Compiler Optimization Through Machine Learning
Consider a problem in the PACE context: Given a program, a
target platform and a compiler, predict a good compiler configuration,
i.e., a good sequence of
optimizations which yields fast
execution for the program (or other advantageous properties, such as minimum
memory need). The sequence of optimizations that yields fast execution (optimum
performance, in general) depends on
- the characteristics of the program being
compiled,
- the characteristics of the target system, and
- the characteristics of the compiler.
A human designer uses past experience to achieve this
optimization, by remembering and applying a good configuration of compiler flag settings used for
similar programs encountered before; or by constructing a good configuration of
settings based on trial runs of the program of interest.
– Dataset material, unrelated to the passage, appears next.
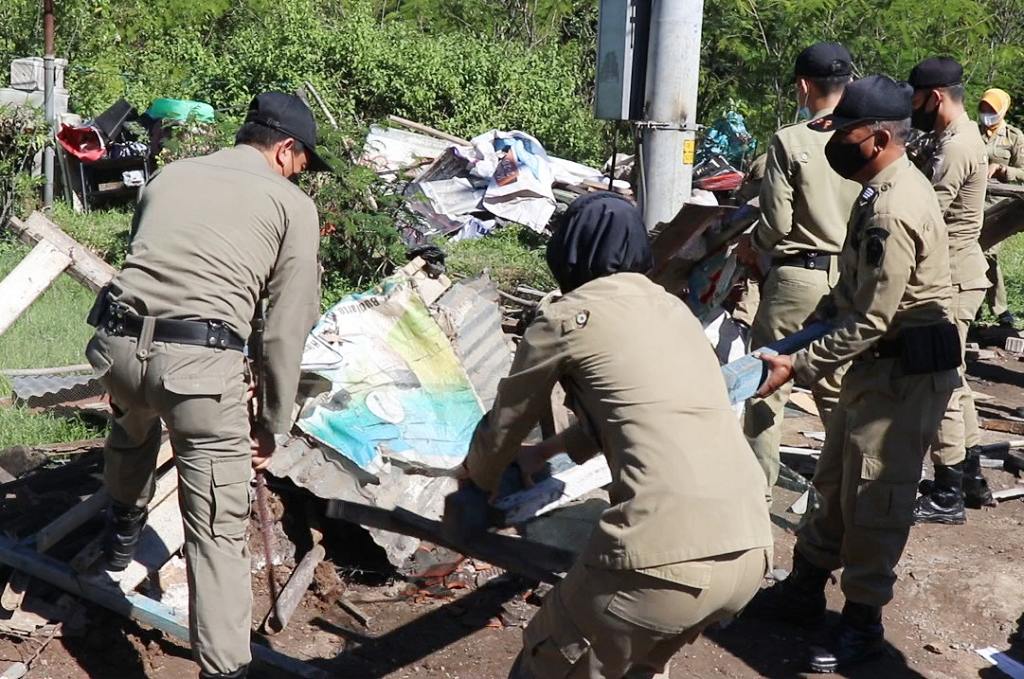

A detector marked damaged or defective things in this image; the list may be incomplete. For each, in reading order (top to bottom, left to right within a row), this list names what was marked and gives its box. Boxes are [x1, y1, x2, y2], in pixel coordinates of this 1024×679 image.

torn banner [300, 278, 484, 476] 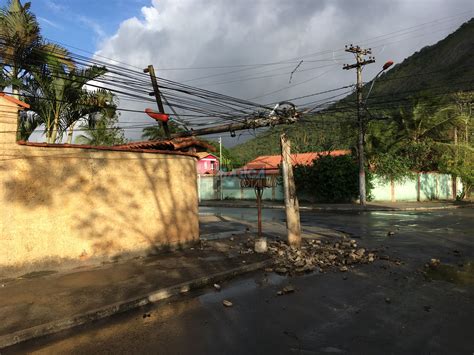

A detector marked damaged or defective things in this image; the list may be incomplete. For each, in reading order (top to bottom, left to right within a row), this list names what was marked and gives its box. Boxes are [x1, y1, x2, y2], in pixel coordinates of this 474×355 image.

damaged wall [0, 96, 199, 276]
Thus the success of
the designer depends on his or her ability to remember past experience, on the
ability to distill, abstract, and generalize knowledge from past experience,
and on the ability to spot patterns in a complex multidimensional space. This, in itself, is a formidable task.
Furthermore, all this experience and knowledge might become irrelevant if the
target platform changes, and it would involve massive effort to re-acquire the
relevant knowledge. The extremely large parameter spaces compiler optimization
tasks should ideally work with for knowledge extraction, make this problem
intractable for the human mind.
Automation is needed to effectively and efficiently characterize the
interactions between programs, platforms, and compilers, and their relations to
observed performance in a complex system that evolves over time.
Machine Learning aims to develop models of such complex
relationships by learning from available data (past experience or from
controlled experiments). The
learned models facilitate discovery of complex patterns and / or recognition of
patterns of known characters, in huge, unorganized high-dimensional parameter
spaces, thereby making the optimization task tractable and aiding in intelligent
decision making.
The Machine Learning Group of the PACE effort is concerned
with developing techniques to learn from the complex multidimensional data
spaces that characterize the interactions between programs, target system, and
compiler optimizations. The result of the learning -- the knowledge, captured in learned models
of relevant optimization scenarios -- can then be deployed and used in a variety of PACE related tasks such as
program optimization (for speed, for memory usage, etc.), or for resource characterization.
Moreover, with certain machine learning techniques, the models deployed after initial satisfactory training could learn continuously in a run-time environment. This not only enables their use as oracles, but also allows ongoing improvement of their knowledge based on feedback about optimization success. Thus the central objective of the PACE project,
which is to provide portable performance across a wide range of new and old
systems, and to reduce the time required to produce high-quality compilers for
new computer systems, can greatly be helped through machine learning
approaches.
Machine Learning
for compiler optimization is a relatively new area, with much unexplored
territory, which reflects the complexity of the associated challenges in both
compiler optimization and applicable Machine Learning algorithms, as well as
the large opportunities to develop new technologies for automation of code
optimization. The mission of the PACE Machine Learning Group is to respond to these
challenges and opportunities.